I've also heard all-wood shakers cause more humid clogging of the salt contained therein. Telling a customer to add a few dry grains of rice to the salt will prevent humidity changes in the wood from letting the holes clog badly.


----------



## DKMD (Jul 6, 2013)

I couldn't resist... I had to try it. Holly about 3.5" tall. I have no idea whether it works or not, but it looks like it might.
I don't think I could chase threads in koa(I didn't do very well with the holly), but I suppose one could use something else as a thread insert.
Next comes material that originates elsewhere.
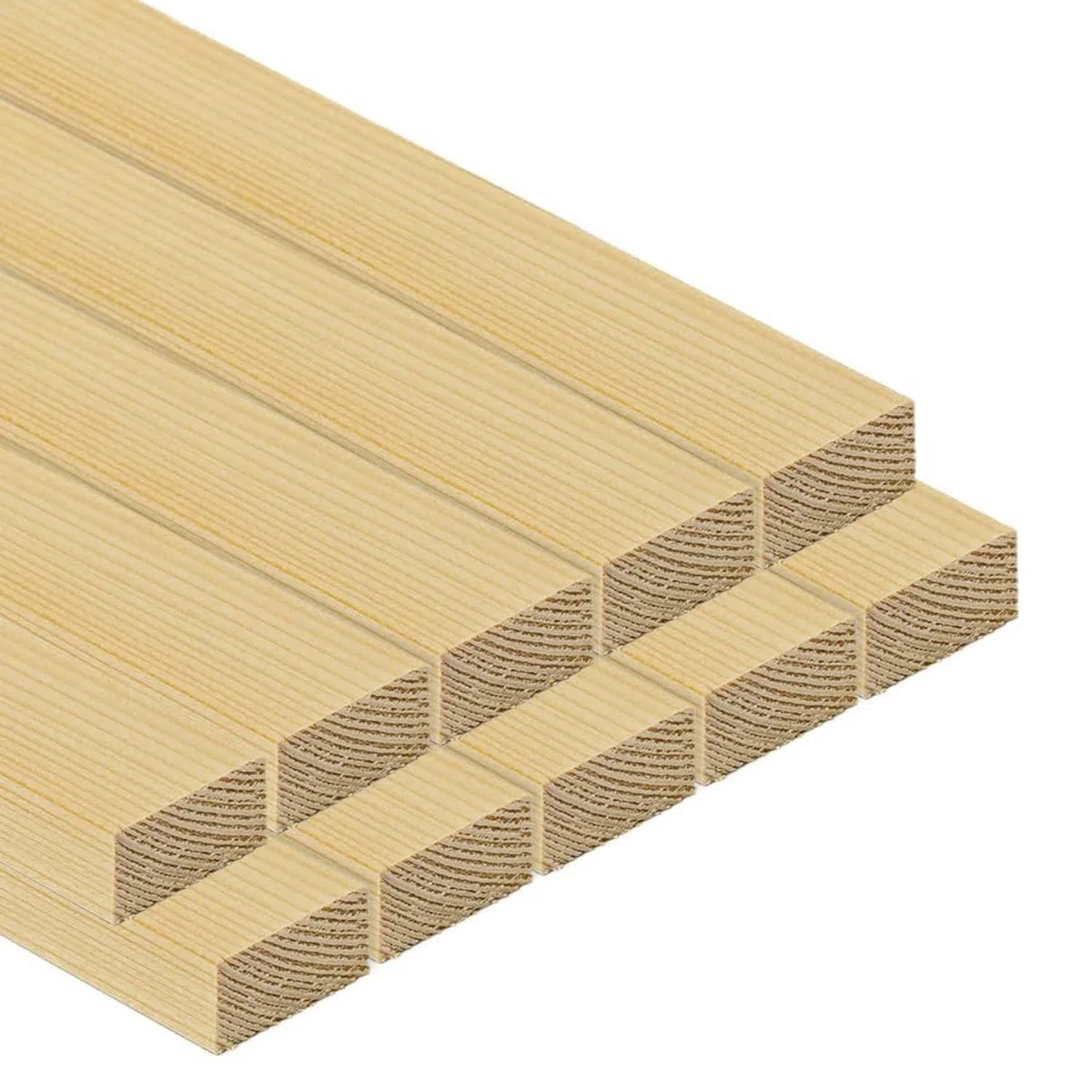 TWE Listelli Legno Massello Abete x 3 Metri Piallati su Quattro Lati con Smusso su Spigoli Made in Italy Confezione da 10 pz (15x30) mm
Thanks for the inspiration!
[attachment=27267]


----------



## drycreek (Jul 6, 2013)

You rock Doc!


----------



## Treecycle Hardwoods (Jul 6, 2013)

*RE: Salt & Pepper Shakers in Hawaiian Koa*

That does look awesome!


----------



## BarbS (Jul 6, 2013)

Well, you knocked that out in no time! Looks great. I've never chased threads, but that looks like a good way to go!


----------



## Sprung (Jul 6, 2013)

Barb and Keller, the shakers that both of you have made are very good looking! Great work both of you! If my wife saw the shakers both of you made, she'd probably try and have me commission either of you to make a set! (I'm holding out on her in the hopes that sometime she'll let me get a lathe of my own!)


----------



## ChrisN (Jul 6, 2013)

Thanks for the explanation, Barb. And Doc, your shaker looks awesome too! That's a neat idea that actually worked quite well, IMHO.



BarbS said:


> Hi Chris-
> There is no 'kit' proper, but Craft Supplies USA carries both the large shaker heads (they're the same; I stamped an 'S' and a 'P' on them with letter stamps from Lee Valley Tools) and they also have the rubber bungs for a 1" hole. I've heard bad stories about various chrome platings on salt shakers, but these came with a blue plastic protective liner on both sides. I believe that's to prevent scratches in shipping, and I removed the upper blue plastic, but left the inner liner on them, hoping it would prevent deterioration. They're easy, but I always seem to cause myself problems with the drilling. I forgot I'd need a recess on the bottom for the rubber bung, wider than the 1" hole it fits into, and had to re-drill that end (because the rubber bung won't let it sit flat on a surface if exposed) centering the forstner into an open hole. I solved that problem by turning a precisely fit dowel and centering the bit on it. I only needed 1/8" recess. So, now you can benefit from my stupidity and drill two dimensions in the bottom on the first go! I keep getting reminded... there is a Reason for prototypes. ;-)


----------